The Wiecks experienced the pain of parting with emigrating Jewish relatives and friends – most acutely when the Nazi regime in October 1941 began systematic deportations of German Jews to ghettos and concentration camps. However, because Wieck's parents were a mixed marriage – Kurt Wieck had no known recent Jewish ancestors – they were spared deportation and ultimately genocide, unlike most members of Königsberg's Jewish community, which dated back four centuries.
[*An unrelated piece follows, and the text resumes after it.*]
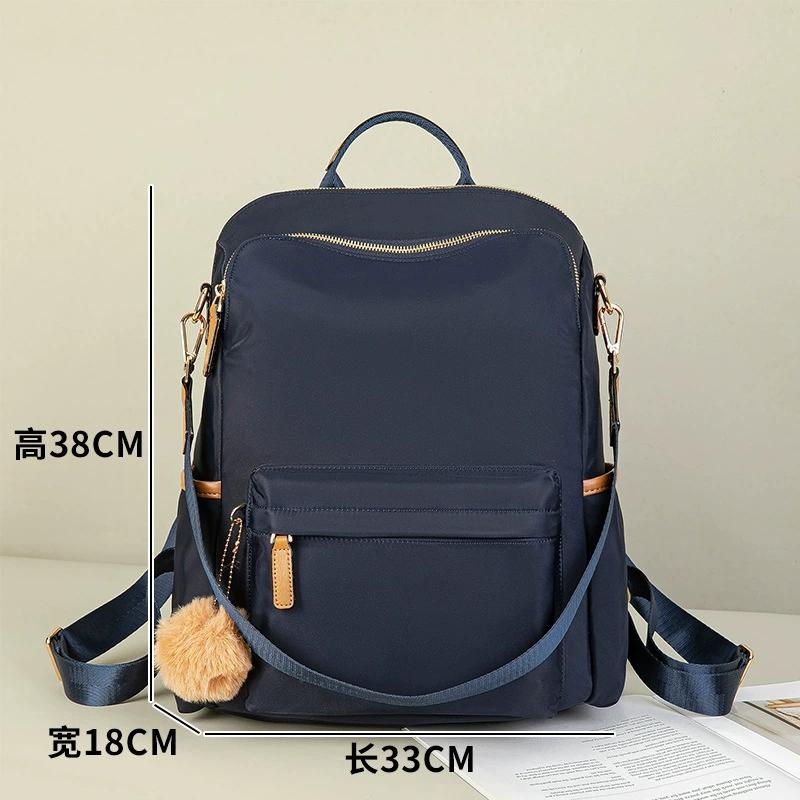 Modischer Damenrucksack Leichter Oxford-Stoff Geräumig für Reisen & Studium Minimalistischer Wasserabweisender Tagesrucksack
Although the Wiecks experienced isolated acts of kindness from a few non-Jewish neighbors, they were tormented by others, and life became more and more difficult for them as the war dragged on.
In late August 1944, Königsberg was repeatedly fire-bombed by the British Royal Air Force, and much of the city's center, including the medieval castle and the 14th century Königsberg Cathedral, was destroyed, gutted or heavily damaged. "The people of Königsberg shall never expunge these nights of terror from their memory," Wieck wrote.
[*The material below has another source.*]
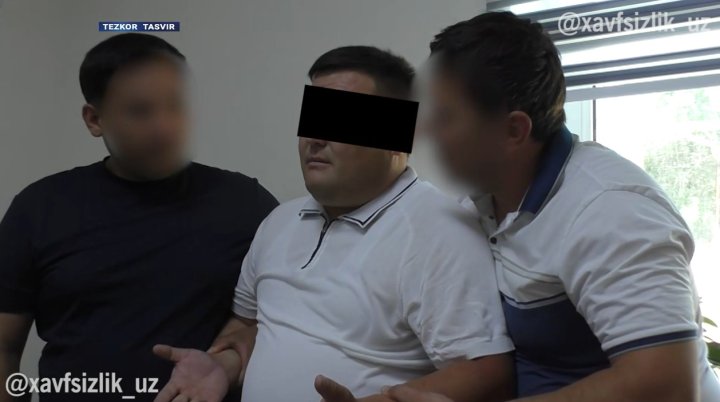 В Ахангаране задержан ранее судимый сотрудник Пенсионного фонда, при получении 1 500 долларов США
When the Red Army, after a bitterly fought siege lasting nearly three months, conquered Königsberg on April 9, 1945 – one month before the end of World War II – the city had become a vast graveyard of rubble. Of the 316,000 people who had lived there before the war, perhaps 100,000 remained, and Wieck estimated that about half of these were to die of hunger, disease, or maltreatment before the last Germans were allowed to leave in 1949-50. The Soviet authorities declined to recognize the few surviving German Jews in Königsberg as victims of the Nazis, and initially treated all German-speakers as enemies.
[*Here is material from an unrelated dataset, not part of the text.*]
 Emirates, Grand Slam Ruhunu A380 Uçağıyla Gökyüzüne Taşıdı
Wieck's incarceration in a Soviet prison camp near Königsberg-Rothenstein, and the story of how he and his parents barely managed to eke out an existence thereafter in Kaliningrad – as the city was renamed on in July 1946 – occupy the second half of his book. In 1949, the Wiecks finally were allowed to go to the Soviet Zone of occupation in truncated and divided Germany. Wieck left the Soviet zone as soon as possible and lived first in West Berlin, where "Gentile" paternal relatives had survived. Thereafter he lived for seven years in New Zealand, before returning to Germany and settling in Stuttgart.
After his return, Wieck, an accomplished violinist, became first concert master of the Stuttgart Chamber Orchestra, and in 1974-93 was also first violinist in the Radio Symphony Orchestra of Stuttgart.
In his memoir, Wieck muses on human nature and speculates on ultimate causes and the nature of the deity. Although he retains a strong emotional attachment to Judaism, he ultimately espouses a kind of deism, alluding to "a definite feeling of something 'lying behind it all' that always resists being put into words." Regarding human nature and humankind’s potential for good and evil, he says:

Awards

In 2005, Wieck was awarded the Otto Hirsch Medaille – an annual honor given to persons who have served the cause of German-Jewish reconciliation. The award is named after Otto Hirsch, a German-Jewish lawyer and politician from Stuttgart who was imprisoned by the Nazis and ultimately tortured to death at Mauthausen Concentration Camp in German-annexed Austria.
On Nov. 17, 2016, Wieck was awarded Germany's prestigious Order of Merit. In presenting the award on behalf of German President Joachim Gauck, Stuttgart Mayor Fritz Kuhn said that, in his life and work, "Wieck combines cultural, social, political and musical commitment. His commitment to an open, tolerant and equitable society is impressive."